Zorgen voor mijzelf; wat ik leerde van de jeugd met mijn moeder 

Tijdens mijn moeders eerste opnames was ik nog jong en logeerde ik bij andere gezinnen. Ook al vond ik het niet overal even leuk, ik was er in ieder geval veilig en er werd voor mij gezorgd. Rond mijn 11e kreeg mijn moeder opnieuw een psychose. Deze keer greep niemand in en waren mijn moeder en ik op onszelf aangewezen. Vaak bleef ik uit haar buurt, om mijzelf te beschermen. Daarnaast zorgde ik op mijn eigen manier voor mijn moeder.

Ik heb uren voor haar slaapkamerdeur doorgebracht, bang dat ze de boel in brand zou steken of dat er iets anders ergs zou gebeuren. Niemand zei tegen mij dat ik dat moest doen. Ik dacht er ook niet over na. Voor mij was het normaal. Bovendien was er niemand anders die het deed.

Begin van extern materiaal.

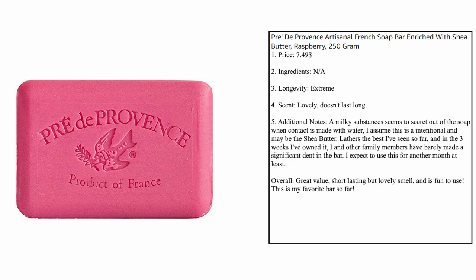What I really love about this soap is that while the scent is nice, it doesn't last long, but what does last long is the bar itself. I used this thing for months — it just seemingly would not go away, no matter what I did. And as I would lather it up, a milky substance seemed to secrete out of it when contact was made with water. I think this is the shea butter — it really does help it lather quite a bit.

Ik vroeg niet om hulp. Dat kwam niet bij me op. Maar uiteindelijk vertelde ik aan de moeder van de enige vriendin die nog bij mij thuis mocht komen, hoe het er bij ons aan toe ging. Zij zei dat ik naar de huisarts moesten gaan en dat deed ik. De huisarts vertelde me dat mijn moeder schizofrenie had en dat dat nooit meer zou overgaan. Ik kende dat woord niet, dus ging ik naar de bieb en las alles wat ik kon vinden over psychiatrische aandoeningen. Ik leerde de namen van de medicijnen die de huisarts mijn moeder voorschreef uit mijn hoofd. 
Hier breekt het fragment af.